- Genre: News
- Presented by: Lloyd Dobyns Linda Ellerbee
- Original language: English

Original release
- Network: NBC
- Release: 20 October 1974 – 1 September 1979

= Weekend (1974 TV program) =

1974 American television news magazine program

Weekend was an NBC news magazine hosted by Lloyd Dobyns. Weekend combined investigative reporting with light feature stories.
The show premiered on Saturday, October 19, 1974, and ended on September 1, 1979. Weekend aired the first Saturday night of each month from 11:30 PM to 1 AM Eastern time. Reruns of The Tonight Show ran on the remaining Saturdays of each month.

Season 2 premiered on Saturday, October 4, 1975. The following weekend, sketch comedy series NBC's Saturday Night premiered. Due to the popularity of Weekend, that first SNL included a skit named "Weekend Update". This "tip-of-the-hat" to Weekend has been part of every SNL show since.

By the end of season 1, Weekend had attracted a cult following. Fans dubbed the first weekend of each month a Weekend weekend. "Is this a Weekend weekend?" was often heard around office water coolers.

== More ==

The program was hosted by Lloyd Dobyns, who also did much of the reporting. The show's creator and executive producer was past (and future) president of NBC News, Reuven Frank. Together, Dobyns and Frank were largely responsible for the distinctive writing and quirky style of the program. The opening theme was the guitar intro to "Jumpin' Jack Flash" by The Rolling Stones. As a forward-focused executive, Frank brought in a woman, Clare Crawford-Mason, as the show's producer.

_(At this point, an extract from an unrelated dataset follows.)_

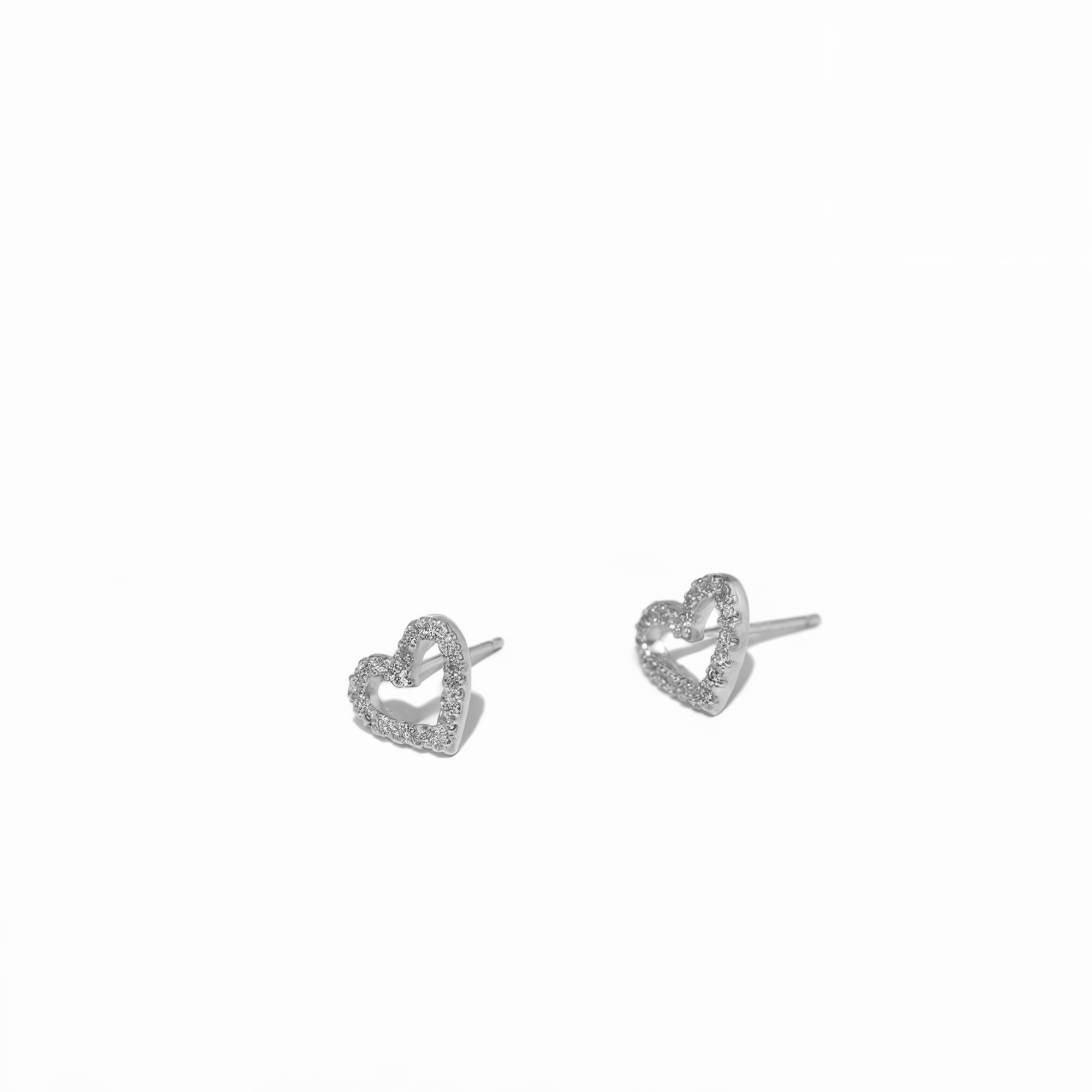 Boucles d'oreilles classiques à clous cœur ouvert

In 1978, after four years of critical success and moderately good ratings for that hour, NBC moved Weekend to prime time. After airing once a month in various time slots in September, October, and November, the network placed the program weekly on Sunday nights at 10 P.M. Eastern time starting in December 1978. Linda Ellerbee was added as Dobyns' co-host and co-lead reporter. Placed against strong programs on ABC and CBS, the show eventually died of poor ratings. A few years later, Ellerbee and Dobyns reunited to anchor another late-night NBC news program, NBC News Overnight.

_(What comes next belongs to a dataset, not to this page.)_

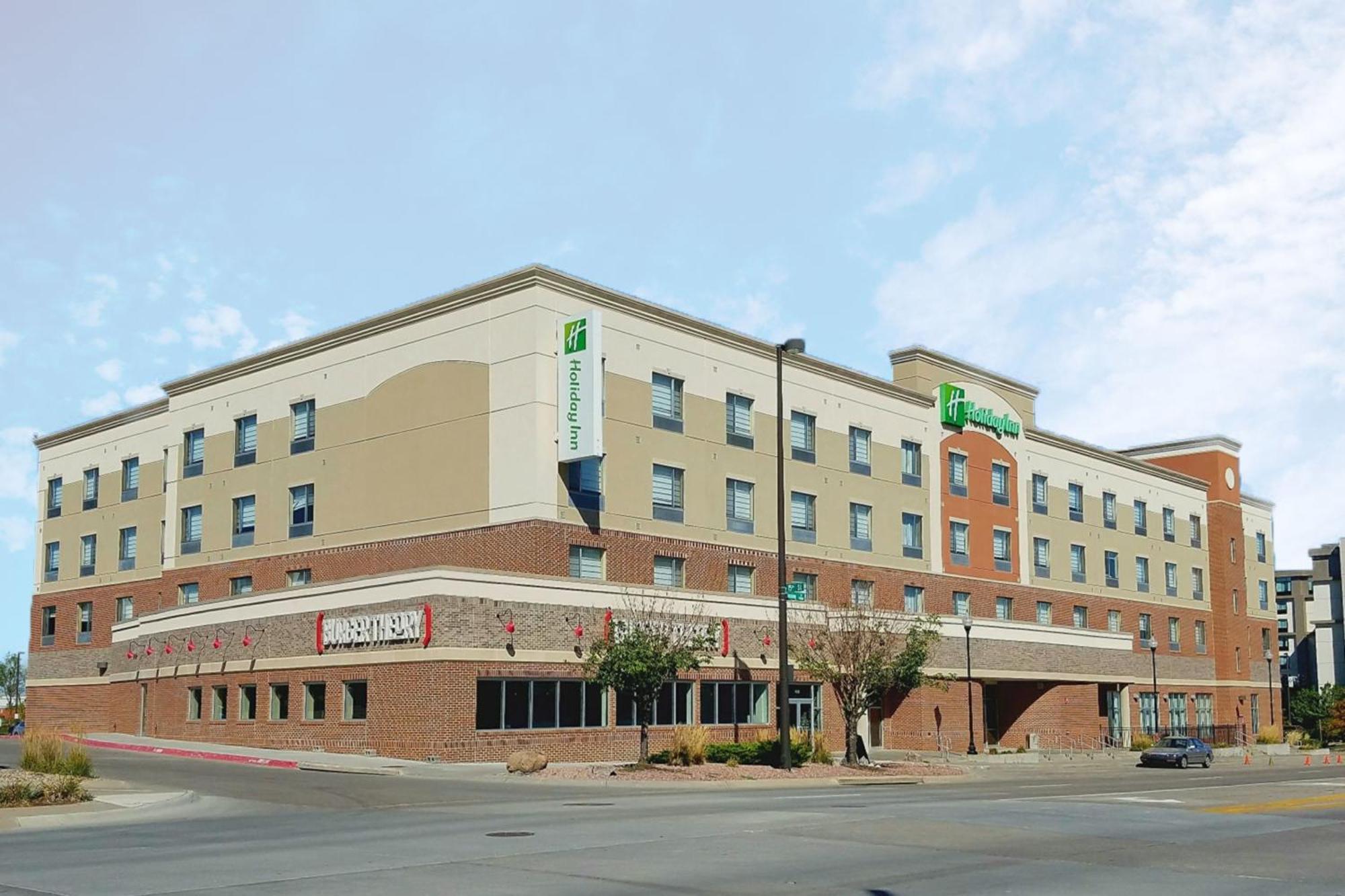 Holiday Inn Omaha Downtown - Waterpark By Ihg Экстерьер фото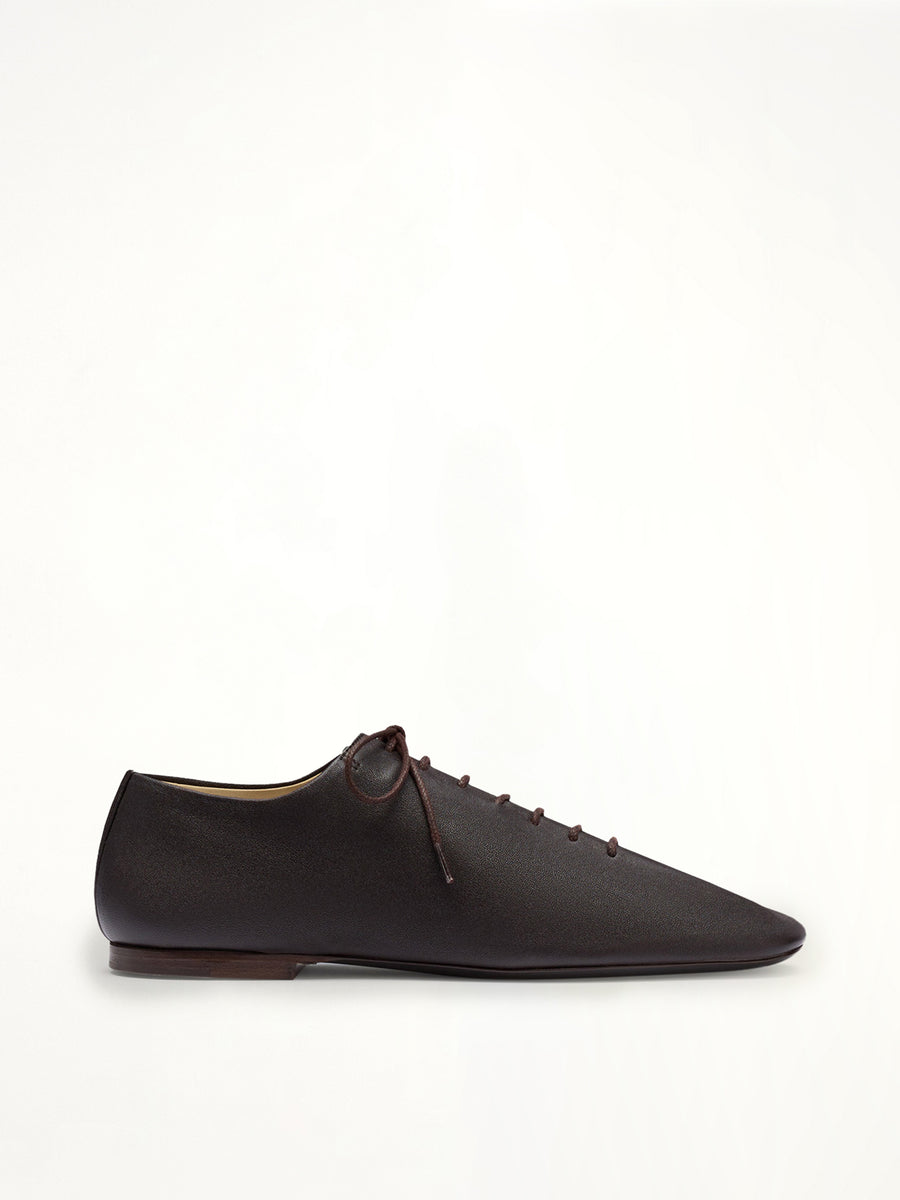 Souris Flat Classic Derbies in Dark Chocolate Side View | LEMAIRE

The program was known for an offbeat format, a somewhat less serious tone than such programs as 60 Minutes; comic relief included the use of humorous images (e.g., a trio of magazine covers, New York, The New Yorker,
and the completely fictitious New Yorkest), and the occasional animated cartoon, such as Mr. Hipp. At the end of each broadcast, until the program began airing weekly, a sequence would be played of a rotating phonograph record with voiceover explaining when the next broadcast would take place.

In the spring of 1978, when Weekends late-night run ended, Dobyns noted that "Your Subscription Has Expired", but stated that Weekend would be back that fall, in prime-time.

At the end of the last broadcast in 1979, the voice intoned, "...there will be no more Weekends."